=== ASSIGNED TASK ===
Starting at the line that contains "Lush greenery of", transcribe each line exactly through the end of the data below, and skip any pictures.

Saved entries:
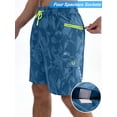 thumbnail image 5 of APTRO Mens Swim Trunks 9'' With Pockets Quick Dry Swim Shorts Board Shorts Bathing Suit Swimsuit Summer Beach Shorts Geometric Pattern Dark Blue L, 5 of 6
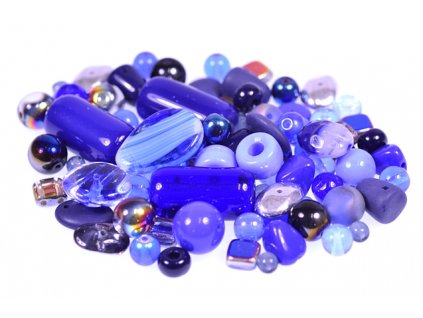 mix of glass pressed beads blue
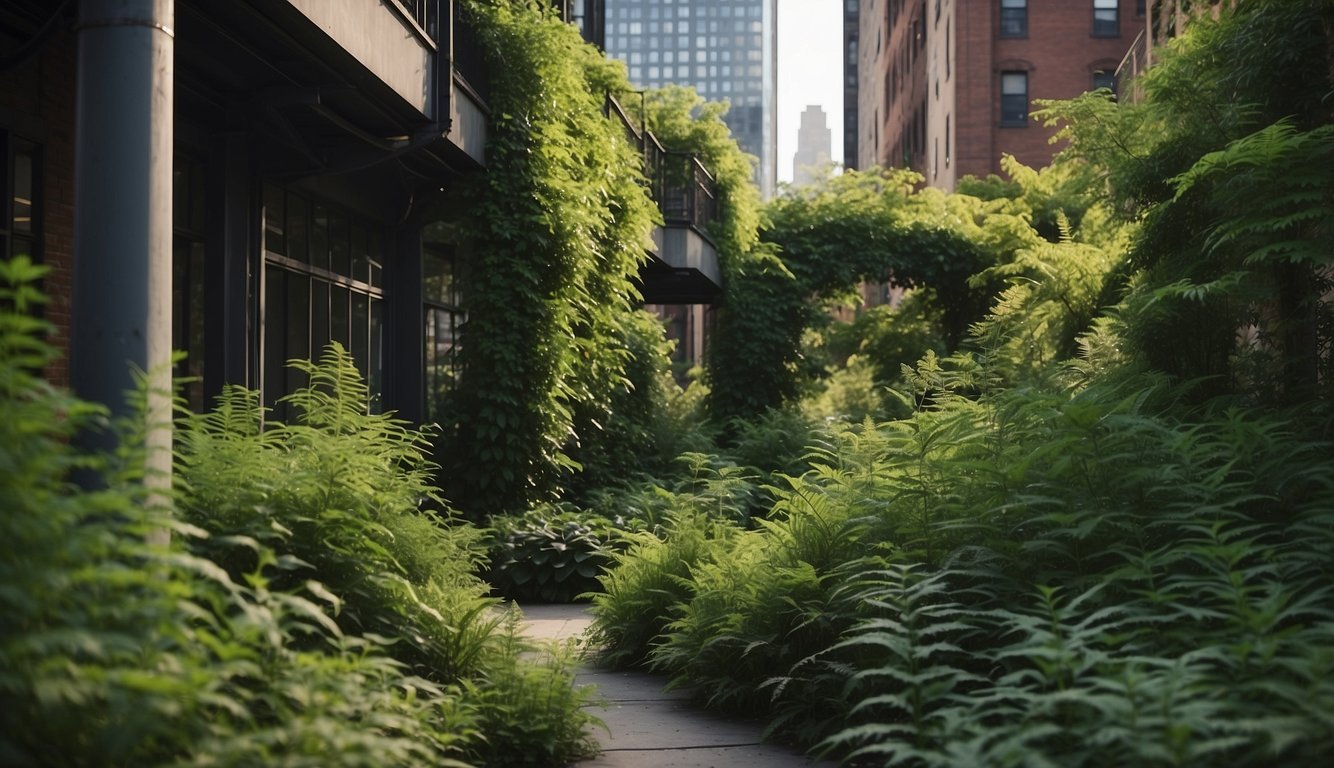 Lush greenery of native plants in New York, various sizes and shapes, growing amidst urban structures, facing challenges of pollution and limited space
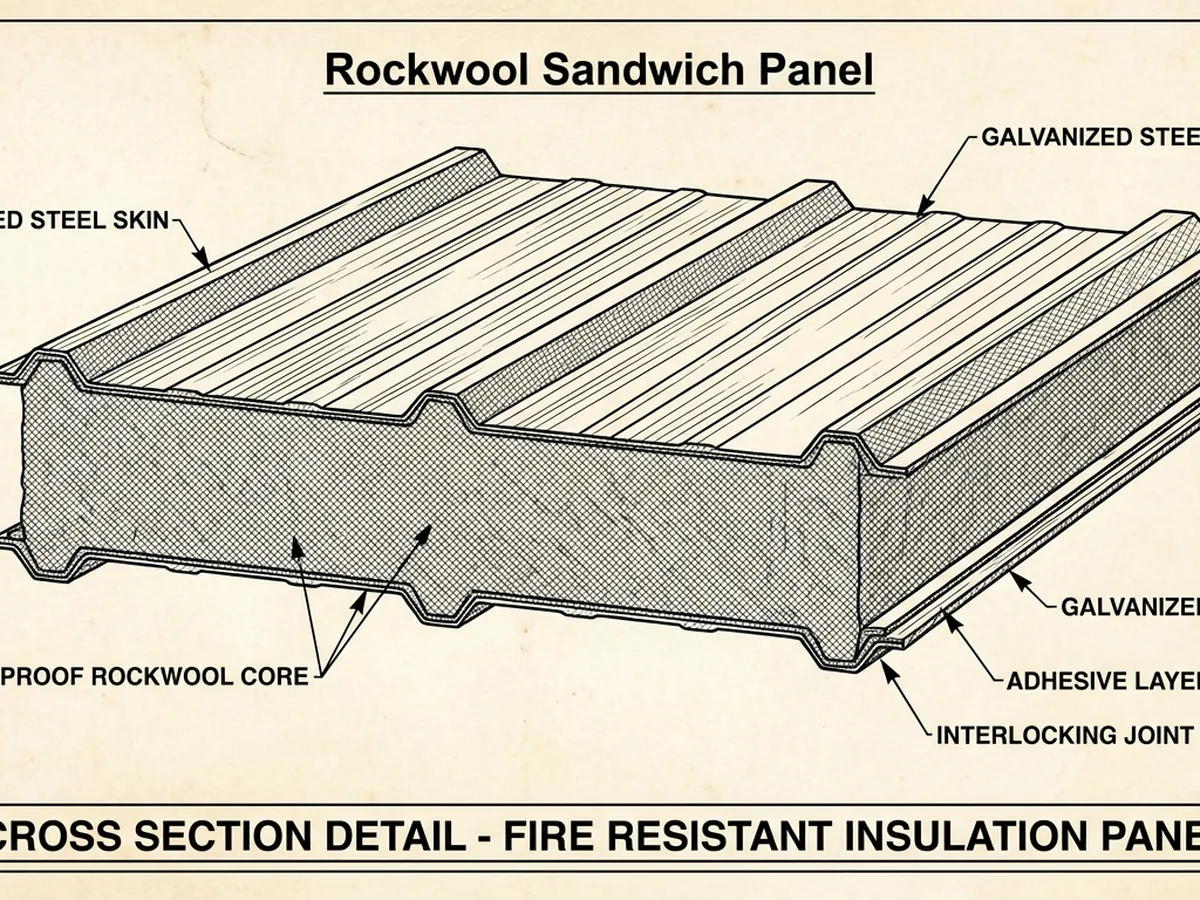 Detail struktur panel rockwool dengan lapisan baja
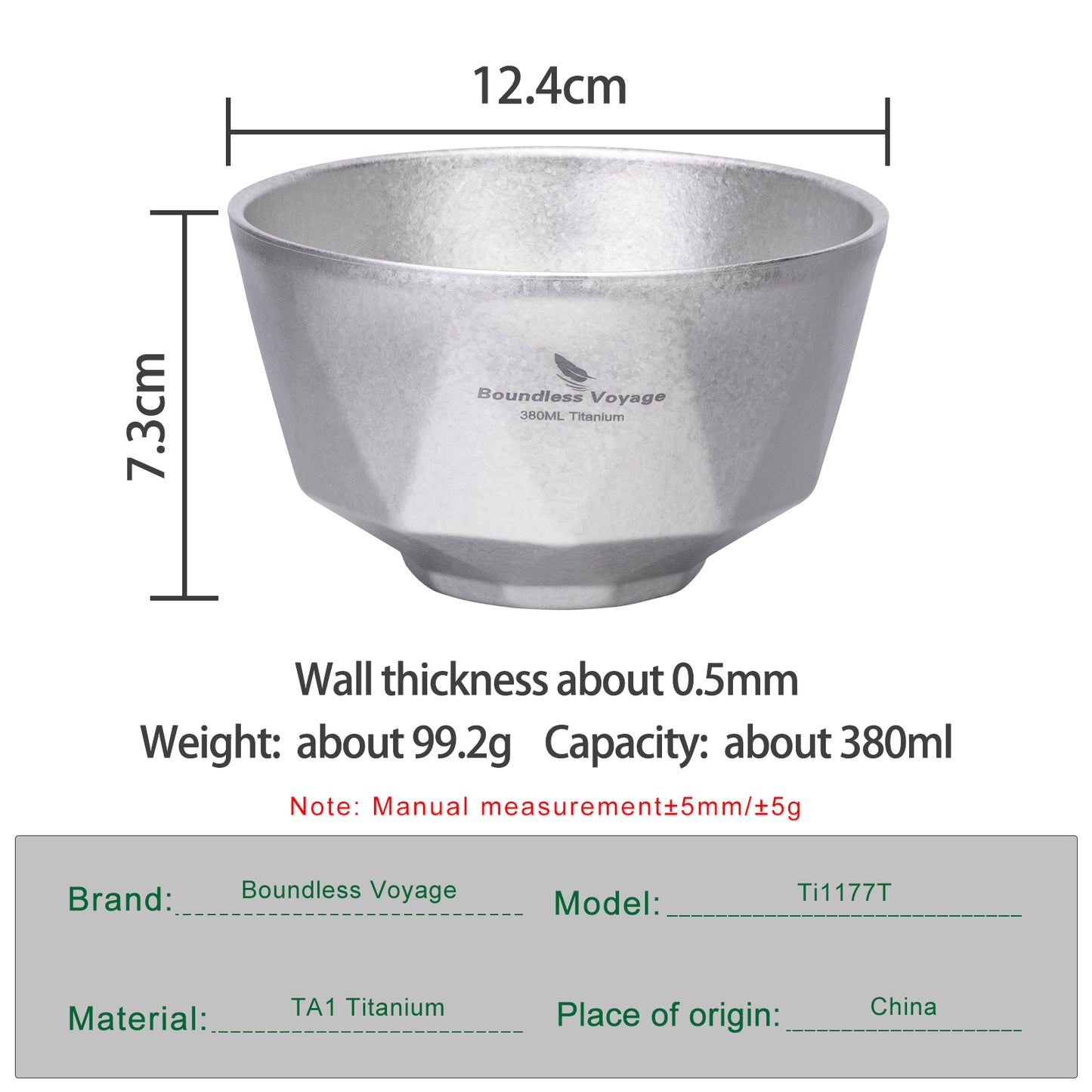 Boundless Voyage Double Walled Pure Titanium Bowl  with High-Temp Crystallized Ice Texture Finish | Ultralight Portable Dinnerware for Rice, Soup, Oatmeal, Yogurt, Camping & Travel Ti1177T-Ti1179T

=== RESPONSE ===
 Lush greenery of native plants in New York, various sizes and shapes, growing amidst urban structures, facing challenges of pollution and limited space
 Detail struktur panel rockwool dengan lapisan baja
 Boundless Voyage Double Walled Pure Titanium Bowl  with High-Temp Crystallized Ice Texture Finish | Ultralight Portable Dinnerware for Rice, Soup, Oatmeal, Yogurt, Camping & Travel Ti1177T-Ti1179T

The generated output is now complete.